We took our seats in the sophisticated yet relaxed restaurant. Instrumental Japanese music and a colour scheme of grey, black and pastel shades set the tone. The geometric wooden beams, squares and hexagons hinted at Japanese minimalism, but there was a kawaii element – origami-style and cloud-shaped lampshades above us, and little bonsai trees and cute teapots on the tables. Fresh fish on display on the counter and bottles of sake, whisky and gin lined up behind. This looked like our kind of bar, bringing back happy memories of our trip to Japan.
On the table, an oversight for many – thick, quality napkins. These are things food bloggers tend to get excited about, rather than latte art!
We didn’t focus on the wine list, but dived straight into the sake page. They have at least a dozen, most served cold but some can be served hot. We felt there was more of a ritual to hot sake and so shared a ‘pot’. It’s like a teapot…only not!

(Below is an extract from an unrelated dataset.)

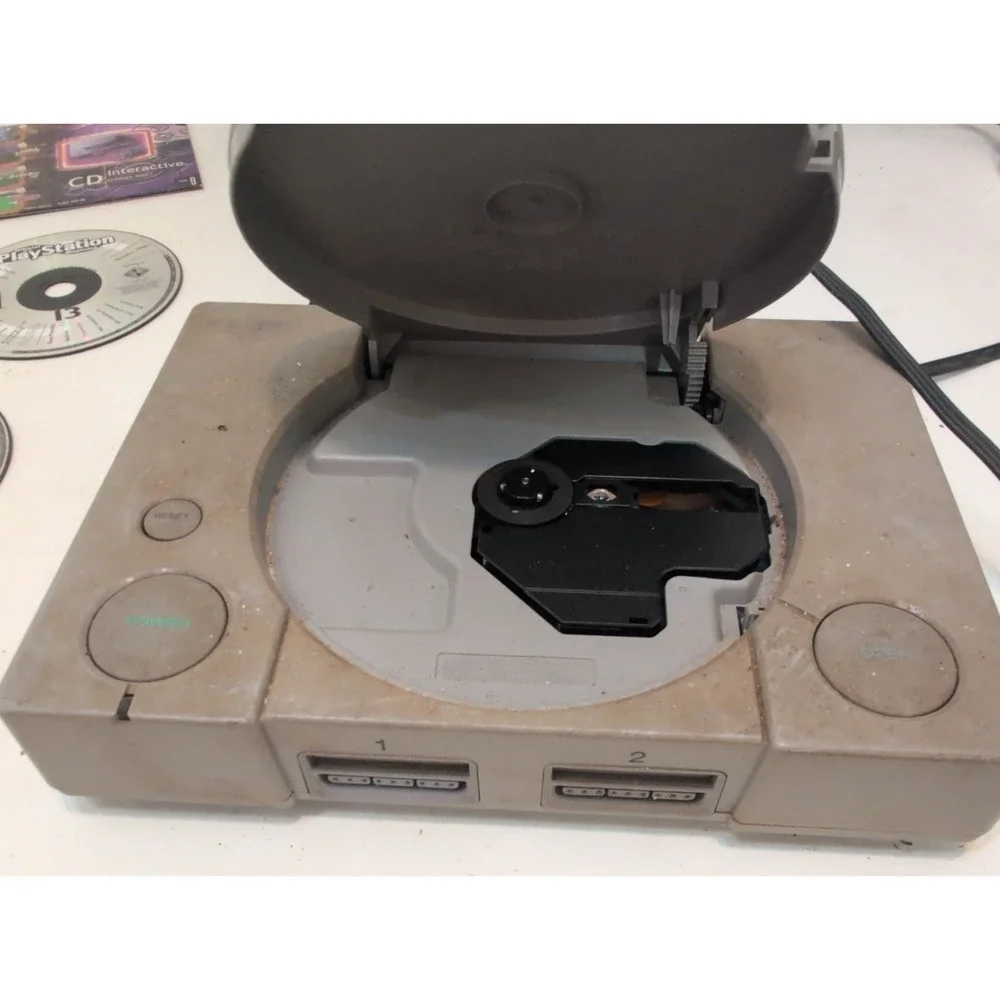 Sony PlayStation 1 Gray  System Tested Working Plus 2 Controllers 8 Games Cords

Crispy Brussels sprouts with yuzu sauce and pine nuts surprised us on the menu – it did appeal, but we decided to stick to the authentic items. Then we got home and googled, and it seems that this is a popular dish in New York Japanese restaurants after all. Who’d have thought?
Dishes come out when ready, and the Otoro tuna belly nigiri arrived first. We could taste why it’s so revered. This is the leanest, tastiest slice of tuna you’ll find.
Next we ate takoyaki – octopus balls. These plump doughy balls with a crispy exterior are seasoned with Japanese mayonnaise and a tangy okonomi sauce (a bit like Worcestershire sauce).
The sushi soon followed – eel and egg maki, snow crab gunkan and the best of the lot – grilled wagyu gunkan, which was sushi rice topped with little cuts of rich, buttery steak.
Chawammushi arrived next in a dinky lidded pot. This was something that we had actually eaten in Japan, but didn’t realise it. Like a hot eggy savoury custard with scallop, prawn, brown himeji mushroom and truffle sauce, it sounds a bit odd to western palates, but is quite comforting.
We ate the best tempura in our life at a restaurant underneath Tokyo train station, and the assorted selection of king prawn and vegetables which was soon delivered was almost as good.
For dessert there are only two choices, so we ordered both. Matcha mochi, coming with a ball of your chosen flavour of ice cream, and a trio of all available ice creams: matcha, white sesame and black sesame, which was our favourite.
In Britain we perhaps don’t have the appreciation of sushi that leads people to revere the likes of Jiro Ono (see the movie Jiro Dreams Of Sushi), but Yamato excels in lifting it above the level of what may appear to be something basic and unsophisticated. Of course, it’s not all just sushi either. The tempura, takoyaki and chawanmushi were all great.
Date night coming up? Heading to the Cameo and need a pre-movie dinner? Yamato may have you covered!